Kamikaze defense – definition and meaning
A kamikaze defense occurs when the target company in a hostile bid makes itself less attractive. The company may do this by either selling off some assets or making acquisitions that put off the hostile bidder. It is a defense strategy against corporate raiders that target companies sometimes use. Another kamikaze defense strategy is for the target company to increase its debt load. It may also reduce its available cash.
A hostile bid is a situation in which a company wants to buy another company, but the target company is not happy. The target company does not want the bidder to acquire it. If the bidder succeeds, we call it a hostile takeover.

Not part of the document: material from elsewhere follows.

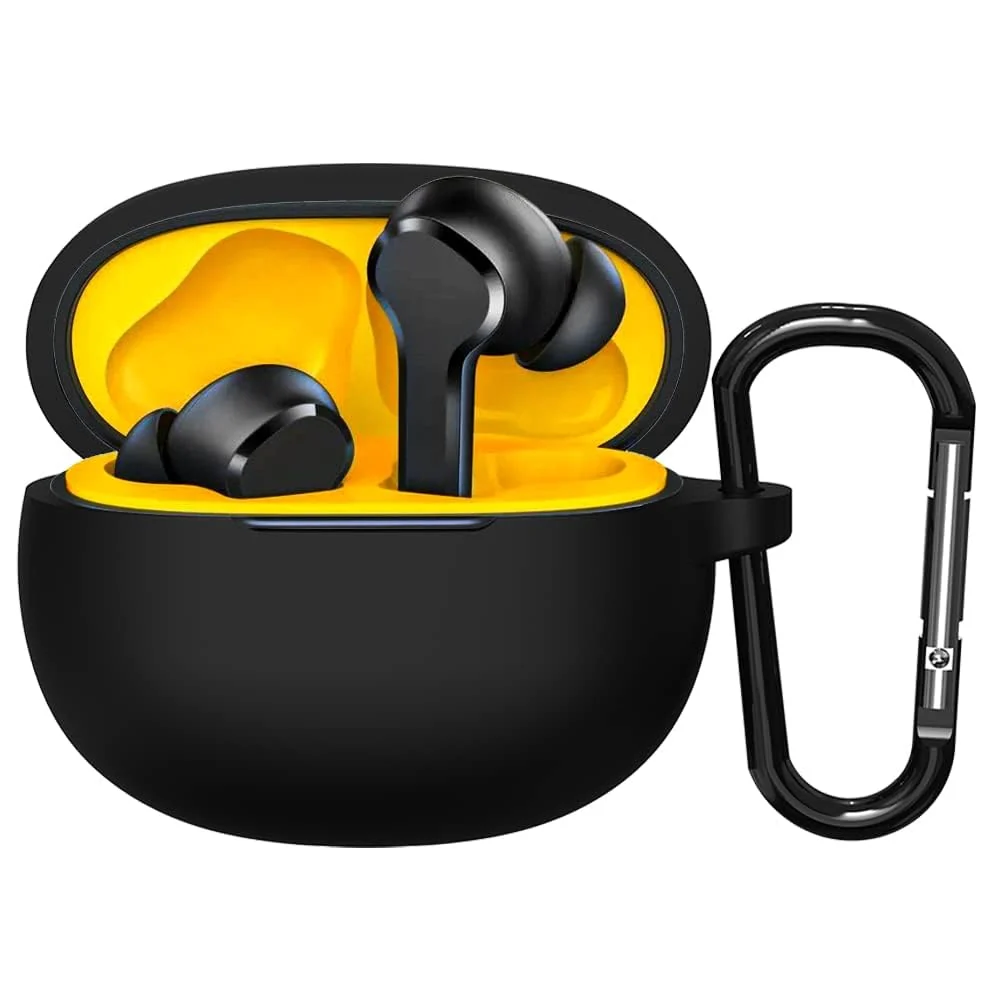 DL3 Mobilak Silicone Case Compatible with realme Buds T100 Earbuds, Soft Silicone Protective Case Cover, Shockproof Sleeve with Carabiner - Black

There are several different strategies the target company can take. For example, there is the sale of the crown jewels strategy or the Fatman strategy. There is also the scorched earth strategy.
– The Fatman Strategy involves buying other companies or assets to make the target company appear fat and bloated. For example, the target company may make an acquisition that significantly raises its debt load.
– The Sale of the Crown Jewels Strategy means selling off the company’s most coveted and prized assets. This reduces its attractiveness to the corporate raider.
– The Scorched Earth Policy in business is similar to the military strategy. Retreating armies destroy crops and infrastructure so that the invaders cannot use them. In business, the target company sells off assets, takes on high debts, or takes other measures.
In other words, with a scorched earth policy, the company makes sure that the hostile bidder cannot get what it is seeking.
All the kamikaze defense strategies have one thing in common. They all aim to make the target company less appealing. In other words, to put off the hostile bidder.
MBASkool.com says the following regarding the term:
“It is a type of defense mechanism used by the target company of a hostile takeover to prevent itself being acquired by another company.”
Kamikaze defense – origin
The term kamikaze (神風) means ‘divine wind’ or ‘divine spirit’ in Japanese. In World War II, Kamikaze were military aviators who initiated suicide attacks for the Empire of Japan.
Japanese pilots would crash their airplanes into Allied naval vessels. However, they would not bail out. In other words, the airplanes would crash into ships with their pilots still inside them.
Kamikaze attacks during WWII cost many human lives. Approximately 3,862 Japanese pilots killed themselves crashing their airplanes into Allied ships. More than 7,000 navy personnel lost their lives due to kamikaze attacks.
Kamikaze defense – last resort
A kamikaze defense strategy may be a quasi-suicidal move. Put simply, the company, by trying to make itself unattractive, might damage itself severely. It is a highly risky strategy. Therefore, it is an option of last resort.
However, unlike WWII pilots, when a company opts for a kamikaze strategy, it does not want to die. It is not really a suicide mission.
The company just hopes to make itself unattractive enough to make the hostile bidder go away.